The Database is just an Implementation Detail

A quote from Martin Fowler given during his Architecture talk stated that the Database in your application should just be an implementation detail. I agree on this wholeheartedly and find that its really not that difficult to achieve if you think about your architecture carefully.

Having said that, I still see parts of the database implementation leaking out into the domain, mainly in the form of IDs. This might not seem like much of a leak, but it does cause a few problems, especially on larger systems.

The first problem ocours when you have a function taking in an ID of some form, and the parameter name is not really forthcoming on what object’s ID it’s expecting. This is especially problematic if your ID columns are int based, rather than uuids, as passing any int to the function will return data - just not necessarily the data you were expecting.

The second problem is that it ties you to using the same ID type as the database is using. If the database is just an implementation detail, then it definitely should not be dictating what types your domain should be using.

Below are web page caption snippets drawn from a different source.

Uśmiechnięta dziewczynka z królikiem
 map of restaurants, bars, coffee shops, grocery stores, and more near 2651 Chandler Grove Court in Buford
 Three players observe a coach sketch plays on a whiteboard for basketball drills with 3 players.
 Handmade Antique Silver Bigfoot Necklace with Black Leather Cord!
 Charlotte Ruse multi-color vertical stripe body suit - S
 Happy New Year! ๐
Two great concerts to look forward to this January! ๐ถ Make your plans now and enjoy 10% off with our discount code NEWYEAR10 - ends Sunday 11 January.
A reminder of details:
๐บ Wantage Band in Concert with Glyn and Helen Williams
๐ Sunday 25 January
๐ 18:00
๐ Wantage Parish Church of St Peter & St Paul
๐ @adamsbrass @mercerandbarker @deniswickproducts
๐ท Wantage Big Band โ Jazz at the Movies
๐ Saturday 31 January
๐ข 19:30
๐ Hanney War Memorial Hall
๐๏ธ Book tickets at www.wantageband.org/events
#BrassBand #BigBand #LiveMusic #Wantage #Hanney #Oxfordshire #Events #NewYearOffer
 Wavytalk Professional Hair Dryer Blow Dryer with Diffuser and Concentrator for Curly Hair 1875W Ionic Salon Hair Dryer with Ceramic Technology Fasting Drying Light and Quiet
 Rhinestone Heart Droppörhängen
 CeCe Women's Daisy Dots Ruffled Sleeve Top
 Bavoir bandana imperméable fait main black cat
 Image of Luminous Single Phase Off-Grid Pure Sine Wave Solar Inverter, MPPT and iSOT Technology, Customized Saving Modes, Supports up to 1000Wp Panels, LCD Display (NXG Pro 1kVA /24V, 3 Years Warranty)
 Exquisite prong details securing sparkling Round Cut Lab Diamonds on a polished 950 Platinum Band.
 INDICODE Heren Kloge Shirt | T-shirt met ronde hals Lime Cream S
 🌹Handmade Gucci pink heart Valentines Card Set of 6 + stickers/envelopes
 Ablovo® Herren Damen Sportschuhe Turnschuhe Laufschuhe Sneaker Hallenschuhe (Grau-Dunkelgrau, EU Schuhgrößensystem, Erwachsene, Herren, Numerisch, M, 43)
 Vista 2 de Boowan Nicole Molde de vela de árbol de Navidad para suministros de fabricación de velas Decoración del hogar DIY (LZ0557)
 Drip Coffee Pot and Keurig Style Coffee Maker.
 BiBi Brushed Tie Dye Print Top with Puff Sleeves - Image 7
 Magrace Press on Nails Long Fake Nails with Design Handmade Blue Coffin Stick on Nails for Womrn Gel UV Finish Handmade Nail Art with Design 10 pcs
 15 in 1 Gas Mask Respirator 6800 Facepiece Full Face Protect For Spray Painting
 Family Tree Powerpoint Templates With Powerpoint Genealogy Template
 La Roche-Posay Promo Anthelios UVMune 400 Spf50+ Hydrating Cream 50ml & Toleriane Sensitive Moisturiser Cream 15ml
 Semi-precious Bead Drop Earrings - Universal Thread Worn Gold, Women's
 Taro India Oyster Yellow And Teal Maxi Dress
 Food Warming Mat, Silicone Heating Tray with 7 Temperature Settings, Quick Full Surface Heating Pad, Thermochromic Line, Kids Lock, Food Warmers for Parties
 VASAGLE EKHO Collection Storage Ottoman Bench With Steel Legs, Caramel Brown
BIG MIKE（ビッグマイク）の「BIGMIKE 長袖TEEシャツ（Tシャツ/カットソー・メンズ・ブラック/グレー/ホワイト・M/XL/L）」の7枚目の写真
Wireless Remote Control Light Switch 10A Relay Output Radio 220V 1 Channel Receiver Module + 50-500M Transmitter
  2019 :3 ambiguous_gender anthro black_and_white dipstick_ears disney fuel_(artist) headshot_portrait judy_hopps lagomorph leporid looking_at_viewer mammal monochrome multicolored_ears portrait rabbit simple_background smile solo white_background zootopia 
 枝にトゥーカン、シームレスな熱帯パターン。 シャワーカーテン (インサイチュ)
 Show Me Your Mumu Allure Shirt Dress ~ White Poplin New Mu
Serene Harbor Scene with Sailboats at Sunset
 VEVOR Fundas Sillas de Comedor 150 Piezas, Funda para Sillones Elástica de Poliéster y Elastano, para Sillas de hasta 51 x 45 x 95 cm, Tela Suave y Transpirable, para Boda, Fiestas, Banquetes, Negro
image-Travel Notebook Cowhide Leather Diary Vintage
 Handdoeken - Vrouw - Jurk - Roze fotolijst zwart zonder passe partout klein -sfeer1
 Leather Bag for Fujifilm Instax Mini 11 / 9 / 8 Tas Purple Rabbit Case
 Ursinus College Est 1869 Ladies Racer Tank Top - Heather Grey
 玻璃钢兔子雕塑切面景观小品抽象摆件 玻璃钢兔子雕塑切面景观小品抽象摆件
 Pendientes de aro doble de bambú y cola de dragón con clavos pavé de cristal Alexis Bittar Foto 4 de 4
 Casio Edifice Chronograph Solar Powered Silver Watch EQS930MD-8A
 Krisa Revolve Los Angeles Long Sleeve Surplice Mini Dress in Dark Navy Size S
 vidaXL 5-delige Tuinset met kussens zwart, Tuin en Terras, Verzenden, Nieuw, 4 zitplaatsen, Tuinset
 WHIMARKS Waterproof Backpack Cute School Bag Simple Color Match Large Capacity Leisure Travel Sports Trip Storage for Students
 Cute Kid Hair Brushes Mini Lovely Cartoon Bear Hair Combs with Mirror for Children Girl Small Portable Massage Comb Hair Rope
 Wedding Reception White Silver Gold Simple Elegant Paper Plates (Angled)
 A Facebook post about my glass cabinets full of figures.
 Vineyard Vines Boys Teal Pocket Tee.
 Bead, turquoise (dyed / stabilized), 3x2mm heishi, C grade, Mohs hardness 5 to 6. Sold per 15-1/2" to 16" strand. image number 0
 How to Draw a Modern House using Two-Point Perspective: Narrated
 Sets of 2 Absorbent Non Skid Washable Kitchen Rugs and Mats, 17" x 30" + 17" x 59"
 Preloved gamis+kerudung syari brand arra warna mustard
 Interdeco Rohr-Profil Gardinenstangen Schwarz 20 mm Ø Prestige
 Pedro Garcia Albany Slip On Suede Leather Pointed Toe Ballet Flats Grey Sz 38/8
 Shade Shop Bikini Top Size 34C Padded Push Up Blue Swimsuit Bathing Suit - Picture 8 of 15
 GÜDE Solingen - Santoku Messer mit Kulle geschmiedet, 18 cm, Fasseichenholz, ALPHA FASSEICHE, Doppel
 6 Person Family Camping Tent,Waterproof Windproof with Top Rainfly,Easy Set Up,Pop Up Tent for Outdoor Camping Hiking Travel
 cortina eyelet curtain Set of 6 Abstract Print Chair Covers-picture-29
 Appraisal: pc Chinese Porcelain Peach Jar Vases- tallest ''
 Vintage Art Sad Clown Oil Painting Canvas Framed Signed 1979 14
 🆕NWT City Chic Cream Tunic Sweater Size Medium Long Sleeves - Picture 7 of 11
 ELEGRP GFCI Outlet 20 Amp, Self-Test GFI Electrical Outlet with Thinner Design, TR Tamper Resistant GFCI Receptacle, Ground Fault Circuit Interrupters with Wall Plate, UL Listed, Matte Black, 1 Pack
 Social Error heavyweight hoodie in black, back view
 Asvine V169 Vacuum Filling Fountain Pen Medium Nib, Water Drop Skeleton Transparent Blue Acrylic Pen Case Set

For example, take the following two classes:

public class Account
{
	public int ID { get; }
	//...
}

public class User
{
	public int ID { get; }
	public IEnumerable<Account> Accounts { get; }
}

The two classes on their own are not unreasonable, but the use of an int for the ID is problematic. Given the following method:

public DateTime GetLastActiveDate(int userID)
{
	return ...
}

Both of the following calls are valid, and neither the code nor the compiler will tell you which one is correct (if any!):

var date1 = GetLastActiveDate(_user.ID);
var date2 = GetLastActiveDate(_user.Accounts.First().ID);

Using the Type System to prevent bad arguments

We can fix this problem by using the Type System to force the correct ID type to be passed in.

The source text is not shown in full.